Enjoying a resurgence of popularity, the Art Deco era epitomises the elegance, style, and flair of the inter-war period. The celebrated firm of Cartier, synonymous with luxury, has been at the forefront of some of the most important jewellery design trends of the 20th century. Particularly known for their fashion-forward Art Deco-era pieces, Cartier has long been considered the crème de la crème for their highest-quality materials, craftsmanship, and innovative design.

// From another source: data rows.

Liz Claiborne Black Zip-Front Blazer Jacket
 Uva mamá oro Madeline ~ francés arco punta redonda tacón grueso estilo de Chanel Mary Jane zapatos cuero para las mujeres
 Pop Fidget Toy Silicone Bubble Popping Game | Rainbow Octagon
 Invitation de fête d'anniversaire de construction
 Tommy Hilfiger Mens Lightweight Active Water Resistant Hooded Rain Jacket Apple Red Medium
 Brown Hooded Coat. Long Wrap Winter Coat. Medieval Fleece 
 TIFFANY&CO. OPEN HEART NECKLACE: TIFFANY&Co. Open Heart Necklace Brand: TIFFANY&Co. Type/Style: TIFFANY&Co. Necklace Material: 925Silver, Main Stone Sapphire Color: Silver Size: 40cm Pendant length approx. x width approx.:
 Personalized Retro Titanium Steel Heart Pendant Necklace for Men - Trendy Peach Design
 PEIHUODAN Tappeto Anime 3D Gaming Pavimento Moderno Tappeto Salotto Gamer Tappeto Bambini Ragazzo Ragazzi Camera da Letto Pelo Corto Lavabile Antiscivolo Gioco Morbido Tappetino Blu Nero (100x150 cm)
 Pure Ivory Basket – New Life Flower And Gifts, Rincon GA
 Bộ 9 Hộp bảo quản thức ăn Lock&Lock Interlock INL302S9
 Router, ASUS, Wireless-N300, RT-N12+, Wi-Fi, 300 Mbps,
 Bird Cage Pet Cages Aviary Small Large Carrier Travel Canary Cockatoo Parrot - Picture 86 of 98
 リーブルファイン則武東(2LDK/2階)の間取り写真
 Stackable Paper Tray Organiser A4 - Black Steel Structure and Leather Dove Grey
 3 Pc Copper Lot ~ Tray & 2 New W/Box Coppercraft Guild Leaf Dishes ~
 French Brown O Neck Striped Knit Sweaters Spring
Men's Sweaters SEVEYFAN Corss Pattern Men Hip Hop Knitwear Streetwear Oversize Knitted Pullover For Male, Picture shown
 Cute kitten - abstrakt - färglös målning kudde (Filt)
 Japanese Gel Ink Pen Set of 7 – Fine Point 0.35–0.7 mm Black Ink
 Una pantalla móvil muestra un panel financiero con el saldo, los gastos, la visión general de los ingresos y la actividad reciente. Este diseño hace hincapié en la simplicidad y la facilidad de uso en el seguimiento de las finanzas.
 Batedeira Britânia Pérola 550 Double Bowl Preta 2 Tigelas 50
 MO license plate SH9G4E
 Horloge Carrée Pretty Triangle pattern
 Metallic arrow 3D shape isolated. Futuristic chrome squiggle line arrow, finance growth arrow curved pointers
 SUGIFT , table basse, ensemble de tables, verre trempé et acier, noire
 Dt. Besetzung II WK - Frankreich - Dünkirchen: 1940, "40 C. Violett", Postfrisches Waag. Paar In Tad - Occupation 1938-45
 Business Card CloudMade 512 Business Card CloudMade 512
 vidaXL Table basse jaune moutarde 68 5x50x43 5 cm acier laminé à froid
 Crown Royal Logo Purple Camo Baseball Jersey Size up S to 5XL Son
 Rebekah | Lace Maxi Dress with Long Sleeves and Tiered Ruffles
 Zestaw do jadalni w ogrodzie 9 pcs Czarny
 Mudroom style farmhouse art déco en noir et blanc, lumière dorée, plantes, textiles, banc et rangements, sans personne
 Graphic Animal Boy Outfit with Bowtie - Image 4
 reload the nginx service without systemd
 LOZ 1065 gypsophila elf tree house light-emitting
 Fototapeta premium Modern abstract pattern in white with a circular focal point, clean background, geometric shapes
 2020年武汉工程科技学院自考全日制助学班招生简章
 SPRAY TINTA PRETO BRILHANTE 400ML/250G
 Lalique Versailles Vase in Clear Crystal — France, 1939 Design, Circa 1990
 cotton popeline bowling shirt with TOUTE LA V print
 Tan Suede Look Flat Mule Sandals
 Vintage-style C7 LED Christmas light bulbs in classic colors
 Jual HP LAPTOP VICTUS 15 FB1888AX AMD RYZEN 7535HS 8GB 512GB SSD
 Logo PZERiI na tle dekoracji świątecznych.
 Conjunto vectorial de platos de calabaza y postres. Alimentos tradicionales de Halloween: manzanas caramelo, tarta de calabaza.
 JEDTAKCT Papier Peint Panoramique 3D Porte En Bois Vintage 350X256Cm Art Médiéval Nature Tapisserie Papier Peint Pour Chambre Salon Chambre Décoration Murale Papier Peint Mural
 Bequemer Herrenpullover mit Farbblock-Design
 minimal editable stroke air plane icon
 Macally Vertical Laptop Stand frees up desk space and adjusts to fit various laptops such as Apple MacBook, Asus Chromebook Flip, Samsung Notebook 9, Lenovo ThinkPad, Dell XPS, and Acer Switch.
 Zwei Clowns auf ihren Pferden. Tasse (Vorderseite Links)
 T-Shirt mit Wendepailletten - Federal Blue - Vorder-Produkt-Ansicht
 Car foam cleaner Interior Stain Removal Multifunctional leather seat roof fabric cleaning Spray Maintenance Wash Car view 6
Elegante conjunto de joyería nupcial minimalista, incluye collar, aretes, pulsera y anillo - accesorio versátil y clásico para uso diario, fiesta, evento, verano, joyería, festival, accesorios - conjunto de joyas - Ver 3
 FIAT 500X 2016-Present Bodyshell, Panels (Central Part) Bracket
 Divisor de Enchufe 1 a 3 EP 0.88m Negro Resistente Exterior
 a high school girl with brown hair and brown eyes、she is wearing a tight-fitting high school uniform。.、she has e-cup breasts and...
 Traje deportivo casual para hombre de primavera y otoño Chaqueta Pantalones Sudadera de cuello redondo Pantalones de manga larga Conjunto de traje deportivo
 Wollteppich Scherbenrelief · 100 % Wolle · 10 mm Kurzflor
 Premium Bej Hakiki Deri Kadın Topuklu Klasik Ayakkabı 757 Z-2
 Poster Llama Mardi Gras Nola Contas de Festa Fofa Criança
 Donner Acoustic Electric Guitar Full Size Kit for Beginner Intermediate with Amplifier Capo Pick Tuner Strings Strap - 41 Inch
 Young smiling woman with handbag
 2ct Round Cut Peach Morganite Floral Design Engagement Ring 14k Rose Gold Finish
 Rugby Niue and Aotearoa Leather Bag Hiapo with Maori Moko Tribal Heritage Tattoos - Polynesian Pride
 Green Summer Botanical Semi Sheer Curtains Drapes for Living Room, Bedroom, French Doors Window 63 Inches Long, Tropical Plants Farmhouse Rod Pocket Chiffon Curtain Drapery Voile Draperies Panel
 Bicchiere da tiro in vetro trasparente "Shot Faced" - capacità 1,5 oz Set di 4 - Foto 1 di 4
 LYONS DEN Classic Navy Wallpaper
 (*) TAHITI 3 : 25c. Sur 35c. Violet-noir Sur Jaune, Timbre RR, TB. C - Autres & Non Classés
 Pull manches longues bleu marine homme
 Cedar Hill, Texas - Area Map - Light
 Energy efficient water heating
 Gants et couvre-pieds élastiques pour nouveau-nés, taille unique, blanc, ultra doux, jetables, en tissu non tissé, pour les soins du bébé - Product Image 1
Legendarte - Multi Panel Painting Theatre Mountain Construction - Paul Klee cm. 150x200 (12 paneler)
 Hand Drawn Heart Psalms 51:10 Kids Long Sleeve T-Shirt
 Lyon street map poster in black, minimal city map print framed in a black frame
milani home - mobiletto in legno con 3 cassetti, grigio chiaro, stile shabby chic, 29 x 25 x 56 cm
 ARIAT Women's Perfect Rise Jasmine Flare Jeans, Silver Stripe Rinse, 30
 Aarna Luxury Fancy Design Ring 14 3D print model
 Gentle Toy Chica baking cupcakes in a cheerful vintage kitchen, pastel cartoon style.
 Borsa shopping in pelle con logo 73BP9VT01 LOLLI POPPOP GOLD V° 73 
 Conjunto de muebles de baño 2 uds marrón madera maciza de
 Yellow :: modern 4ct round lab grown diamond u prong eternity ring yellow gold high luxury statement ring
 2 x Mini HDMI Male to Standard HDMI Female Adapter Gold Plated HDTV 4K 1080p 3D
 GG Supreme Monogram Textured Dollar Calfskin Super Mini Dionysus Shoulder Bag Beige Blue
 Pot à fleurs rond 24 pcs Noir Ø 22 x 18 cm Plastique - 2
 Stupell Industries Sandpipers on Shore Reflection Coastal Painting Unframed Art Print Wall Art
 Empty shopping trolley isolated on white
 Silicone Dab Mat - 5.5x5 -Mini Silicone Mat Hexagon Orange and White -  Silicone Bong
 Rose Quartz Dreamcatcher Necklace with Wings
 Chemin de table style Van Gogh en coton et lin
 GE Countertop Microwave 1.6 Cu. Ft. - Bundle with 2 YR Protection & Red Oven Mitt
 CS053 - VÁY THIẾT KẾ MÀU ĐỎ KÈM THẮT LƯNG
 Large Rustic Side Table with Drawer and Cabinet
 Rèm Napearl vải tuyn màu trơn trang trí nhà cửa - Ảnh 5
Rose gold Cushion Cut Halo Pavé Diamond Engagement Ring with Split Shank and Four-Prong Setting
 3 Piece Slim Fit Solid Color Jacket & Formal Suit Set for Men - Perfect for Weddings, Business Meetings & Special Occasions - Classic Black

A rare diamond bracelet by Cartier, made circa 1930 and estimated at £100,000-150,000, exemplifies all that is great about Cartier during this period. The design is composed of a series of undulating links of platinum, finely pierced and set throughout with a blanket of brilliant-cut diamonds.
An art deco diamond bracelet, by Cartier, circa 1930. Estimate £100,000 – 150,000 (€130,000 – 190,000). Photo Bonhams.
Composed of undulating links pavé-set with old brilliant-cut diamonds, connected by similarly set diamond hinged batons with baguette-cut diamond terminals, mounted in platinum, diamonds approximately 32.00 carats total, signed Cartier Paris, numbered 03827, maker’s mark, French assay marks, length 18.6cm
Also by Cartier, and from a private collection previously stored in a bank vault for the last three decades, are a pair of ruby and diamond clip brooches, circa 1925, estimated at £80,000-120,000.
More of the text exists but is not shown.